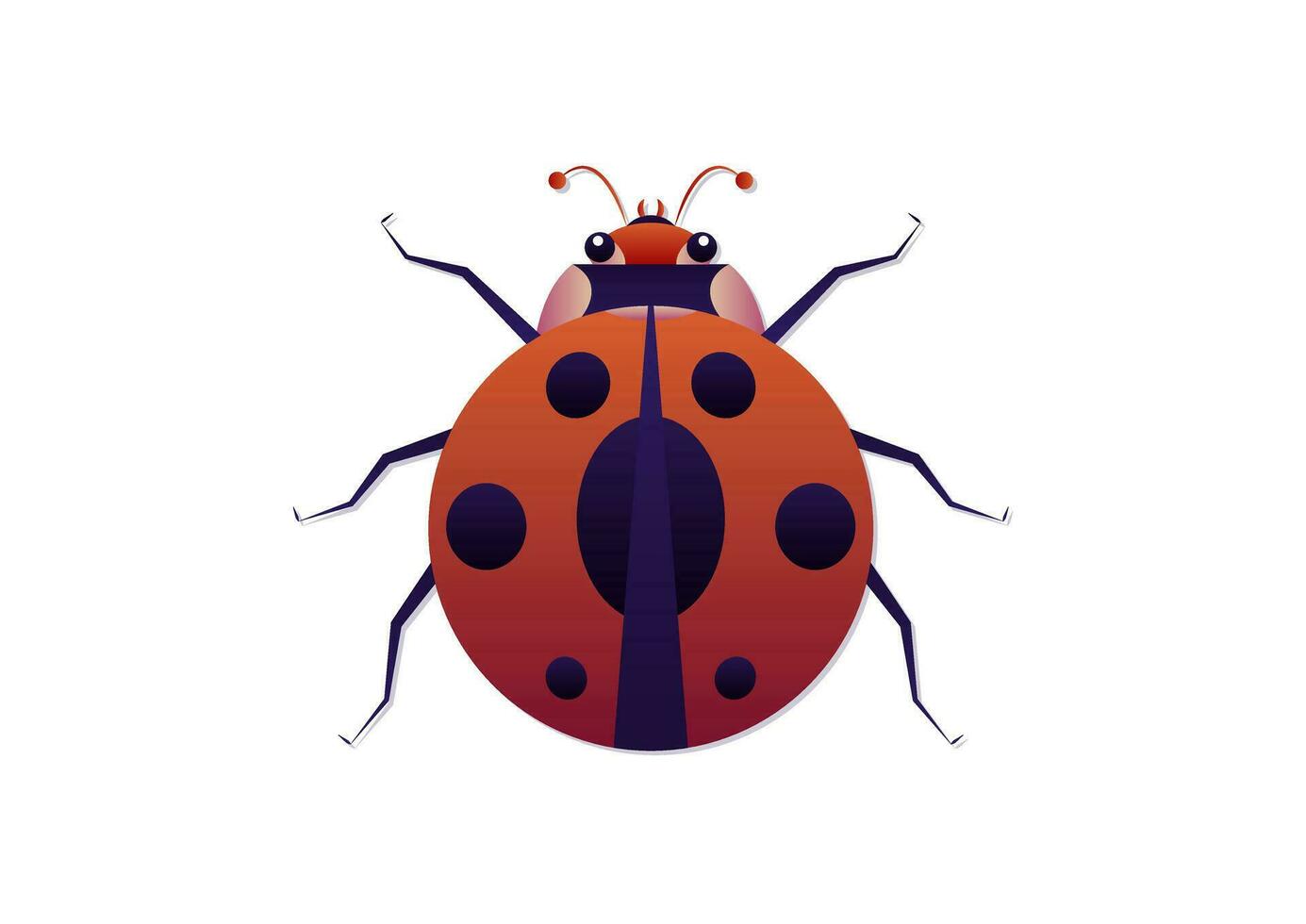 coccinella vettore arte nel piatto stile. coccinella clipart isolato su bianca sfondo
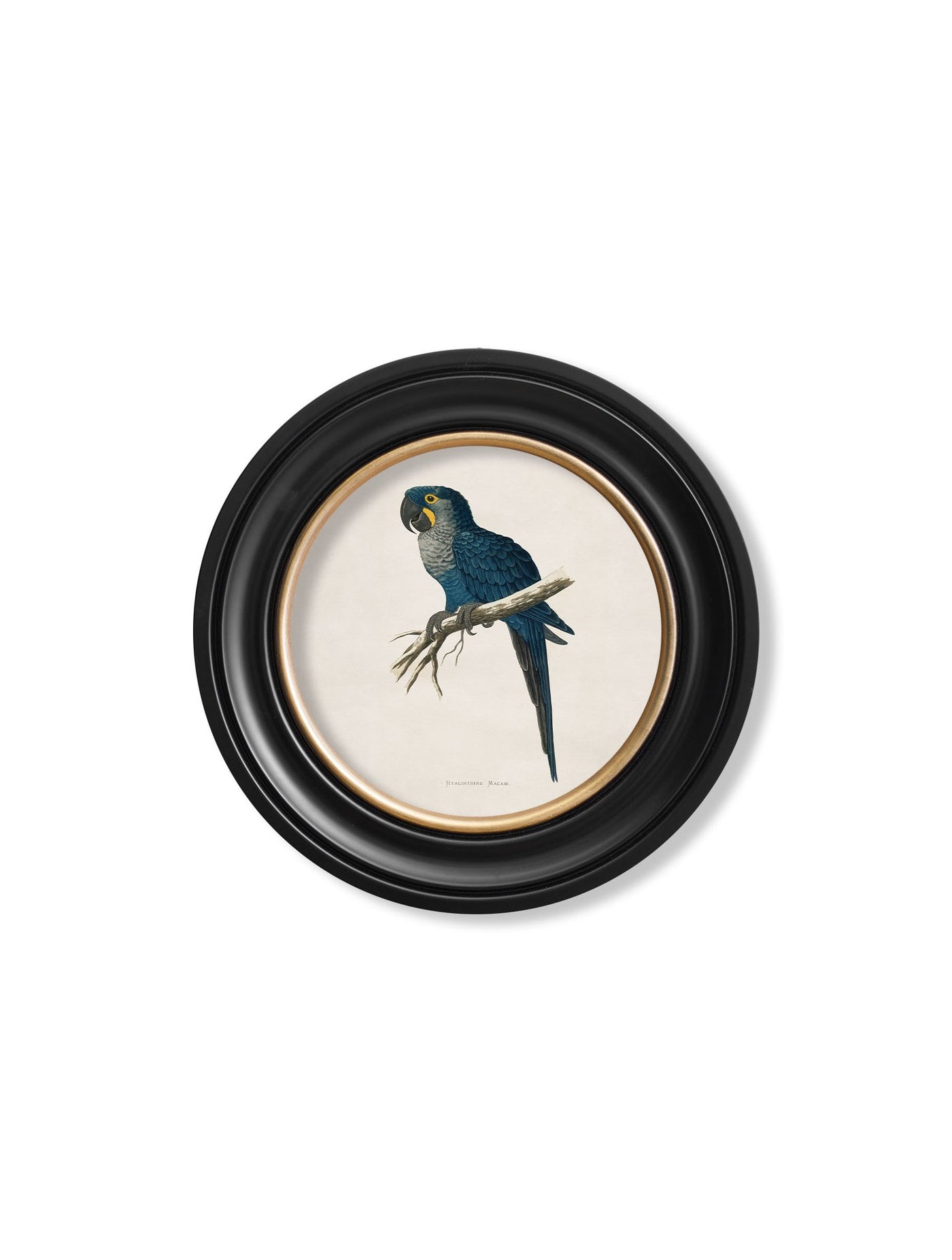 C.1884'S COLLECTION OF MACAWS IN ROUND FRAMES - TheArtistsQuarter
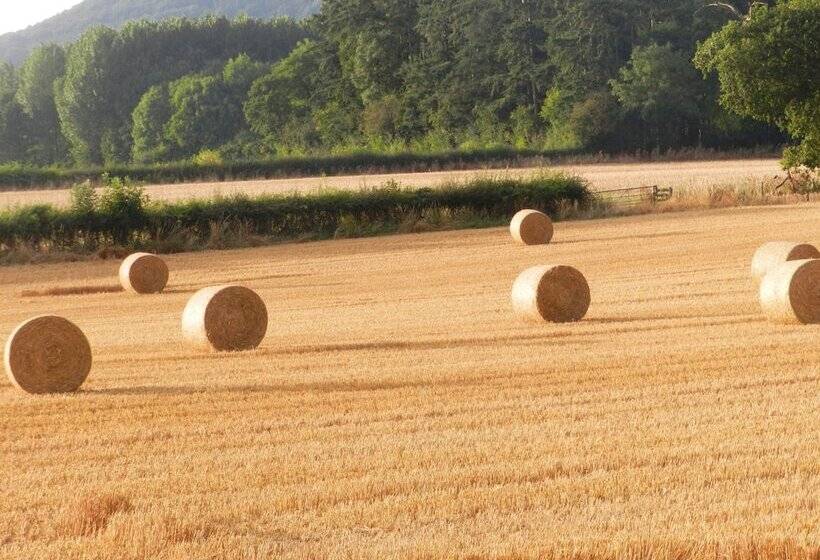 Cosy 5m Bell Tent Glamping In Rural Herefordshire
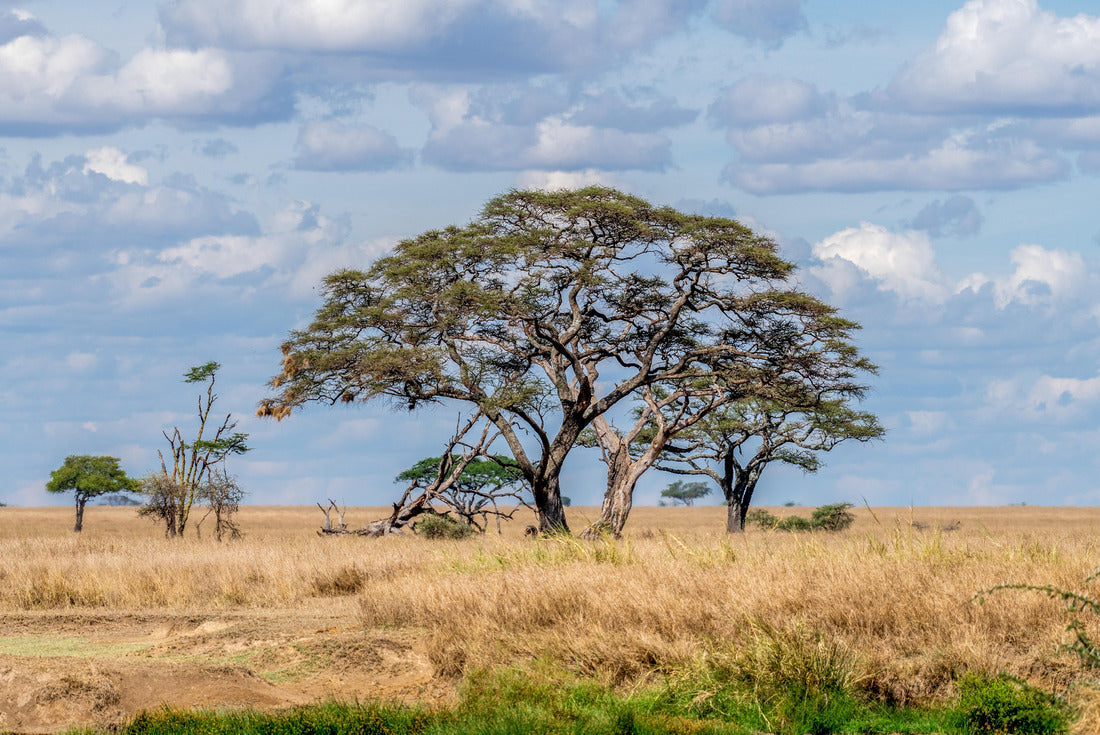 Savannah landscape in Serengeti National Park 2000pc Puzzle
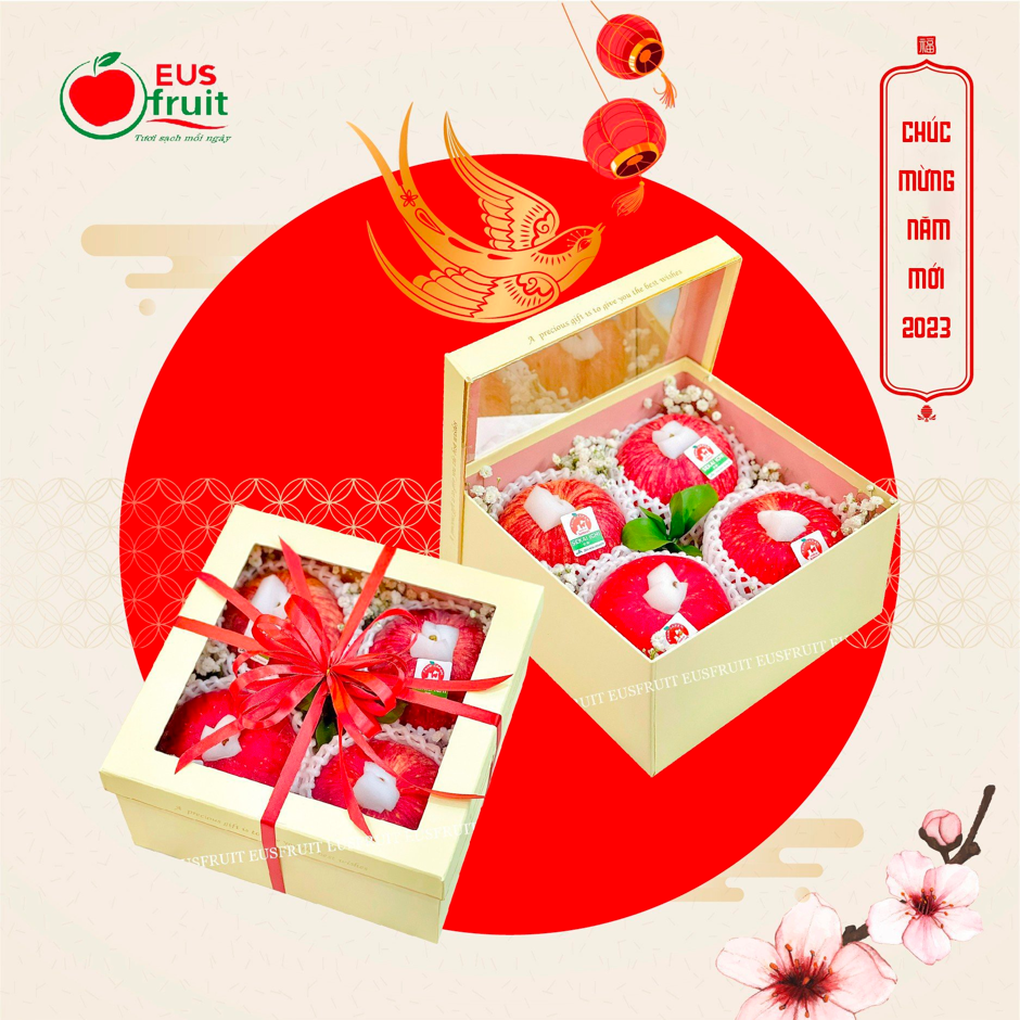 Hộp quà Tết Eus fruit trao gửi yêu thương - 4 Hộp quà Tết Eus fruit trao gửi yêu thương - 4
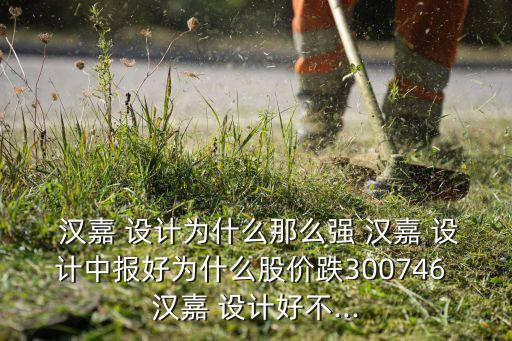 漢嘉設計集團上市了嗎,濟南漢嘉設計集團股份有限公司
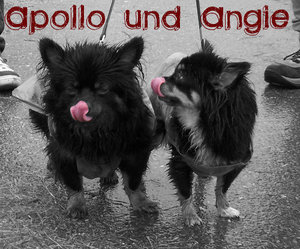 apollo&angie.jpg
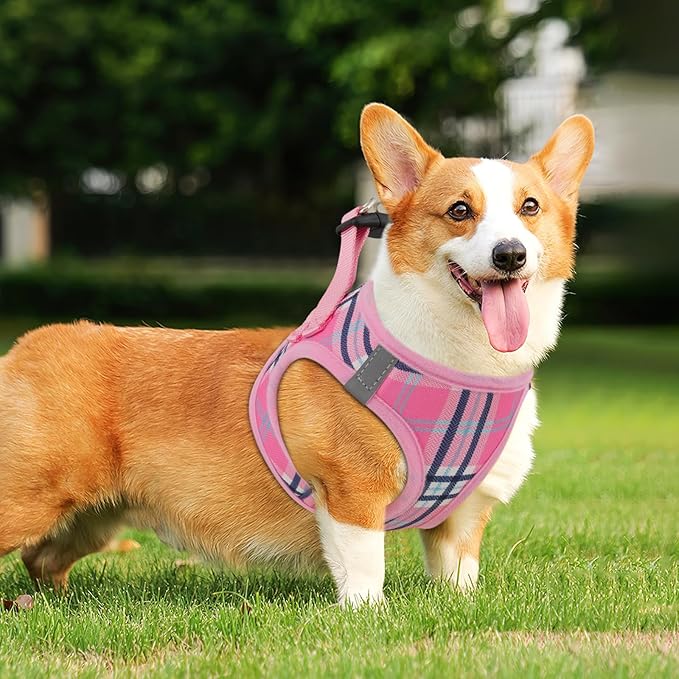 Athena Collection Step-in Dog Harness with 5 ft Leash, Small to Medium Dog Harness Leash Set Medium No Pull Dog Vest Harness with Reflective Strips Adjustable Velcro, Easy Walk Puppy Harness, Pink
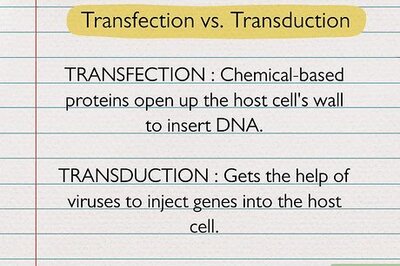 Explaining the Difference Between Transfection and Transduction
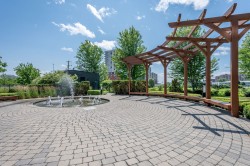 Garden - 
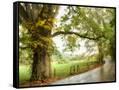 Canvas Black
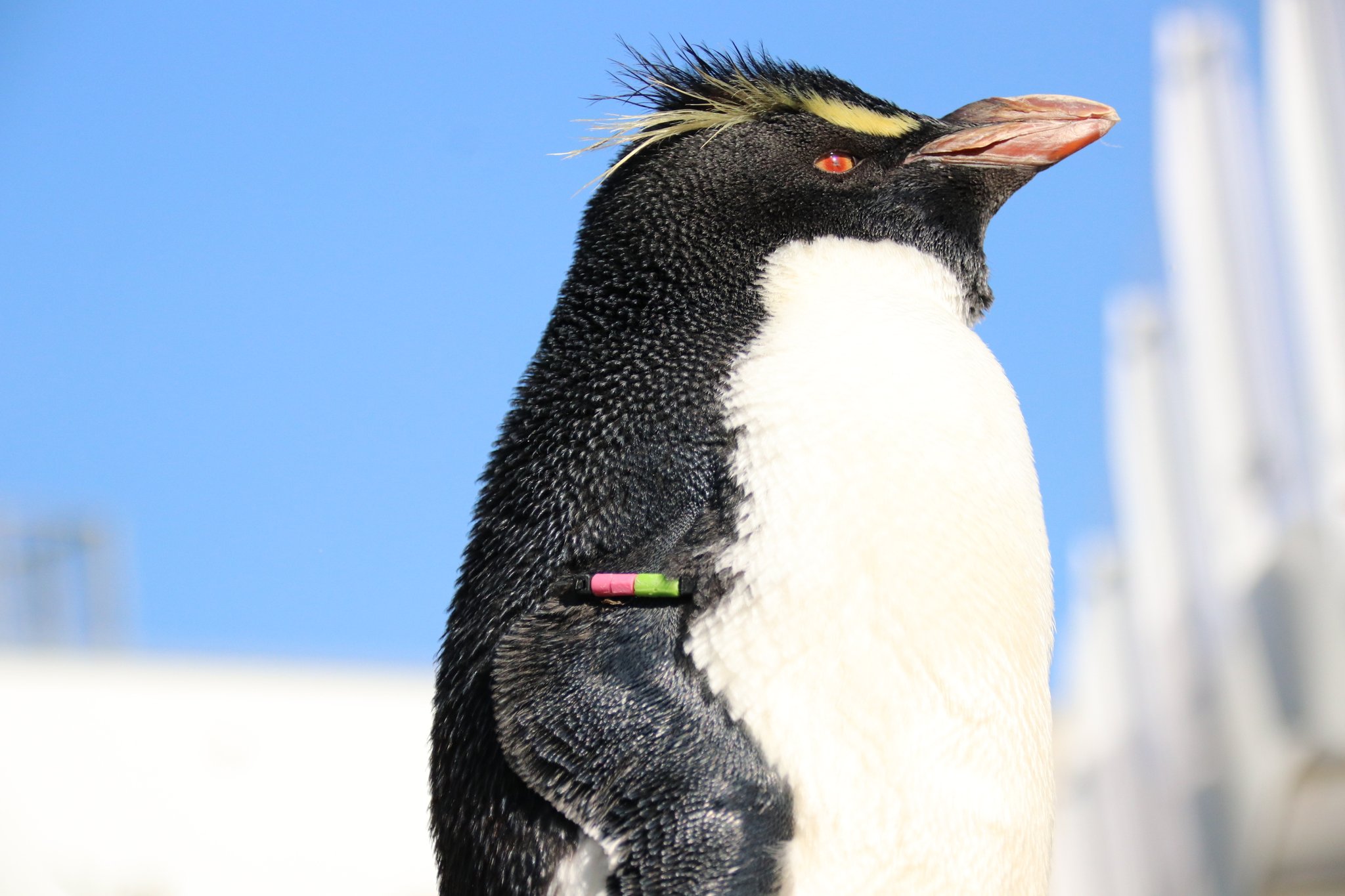 164_minamiiwatobipenguin_01.jpg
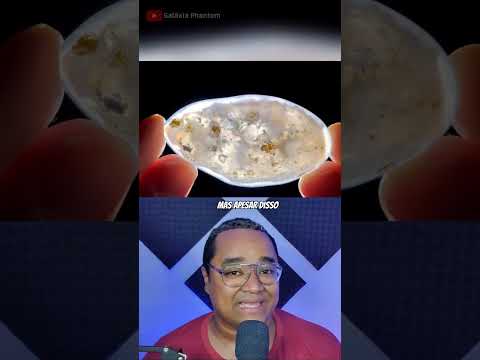 O gosto da água antiga #shorts #curiosidades #biologia #agua
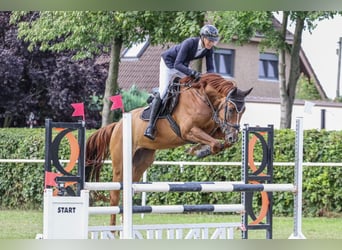 Caballo de salto Oldenburgo, Caballo castrado, 5 años, 170 cm, Alazán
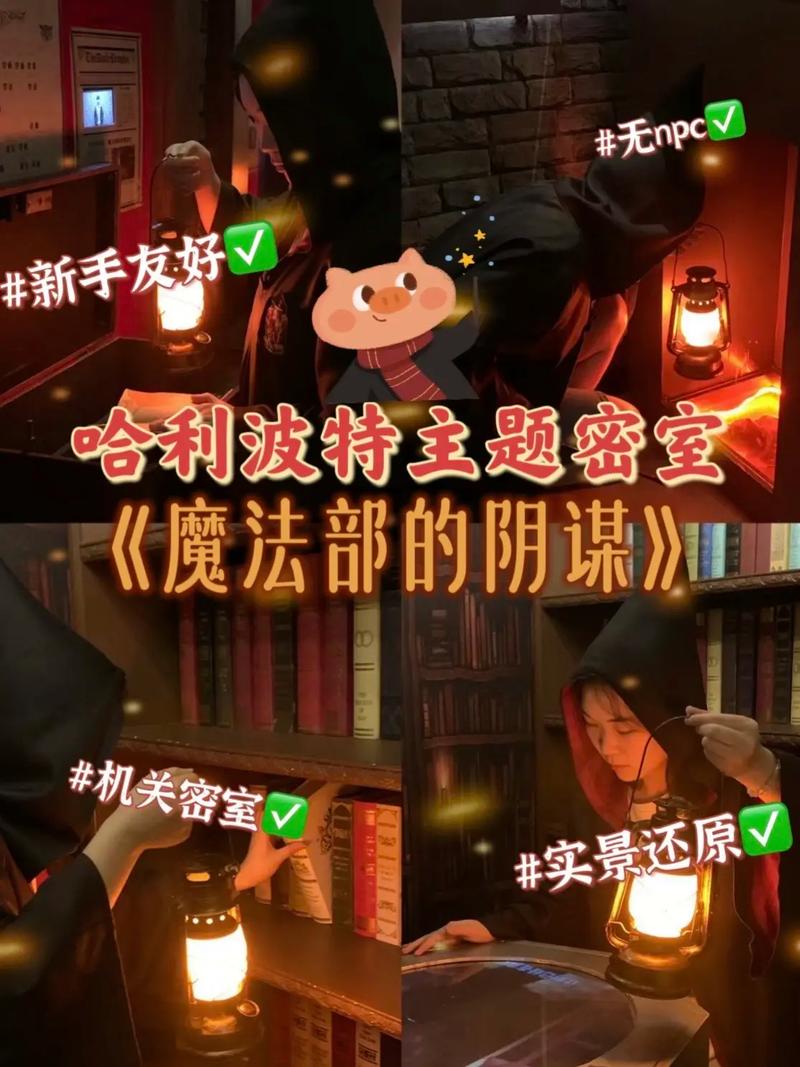 哈利波特:霍格沃茨之谜深度入门攻略与趣味玩法揭秘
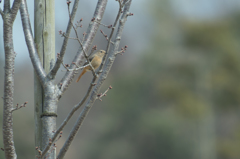 ジョウビタキ♀
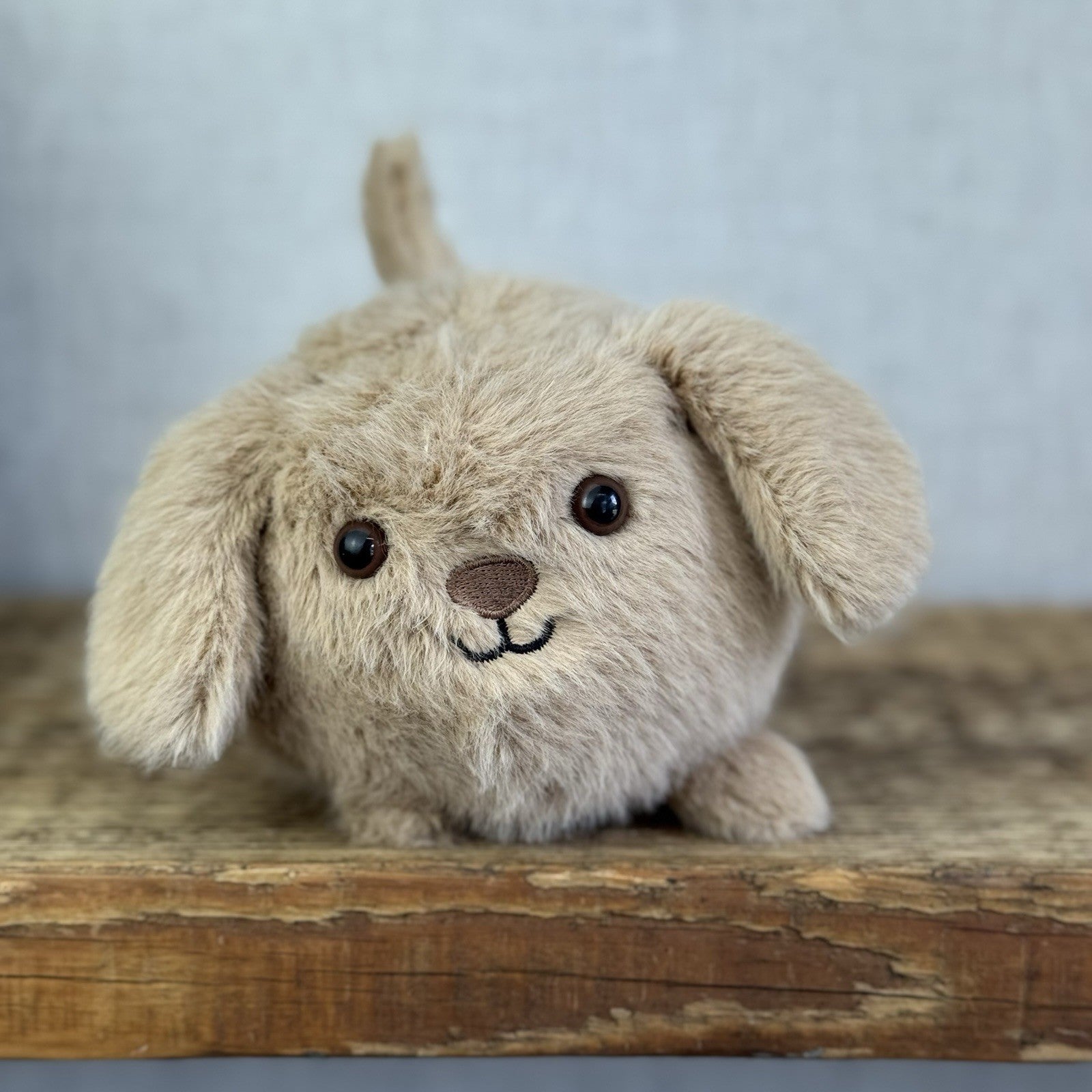 Jellycat Caboodle Puppy Dog Beige Plush Soft Toy - Small Pup Soft Toy 5”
========================================================================
-- The problem --
Reproduce exactly and only the lines from the line that contains "apollo&angie.jpg" to the end of the data above, both ends included. No pictures go in the copy.

-- Expected answer --
 apollo&angie.jpg
 Athena Collection Step-in Dog Harness with 5 ft Leash, Small to Medium Dog Harness Leash Set Medium No Pull Dog Vest Harness with Reflective Strips Adjustable Velcro, Easy Walk Puppy Harness, Pink
 Explaining the Difference Between Transfection and Transduction
 Garden - 
 Canvas Black
 164_minamiiwatobipenguin_01.jpg
 O gosto da água antiga #shorts #curiosidades #biologia #agua
 Caballo de salto Oldenburgo, Caballo castrado, 5 años, 170 cm, Alazán
 哈利波特:霍格沃茨之谜深度入门攻略与趣味玩法揭秘
 ジョウビタキ♀
 Jellycat Caboodle Puppy Dog Beige Plush Soft Toy - Small Pup Soft Toy 5”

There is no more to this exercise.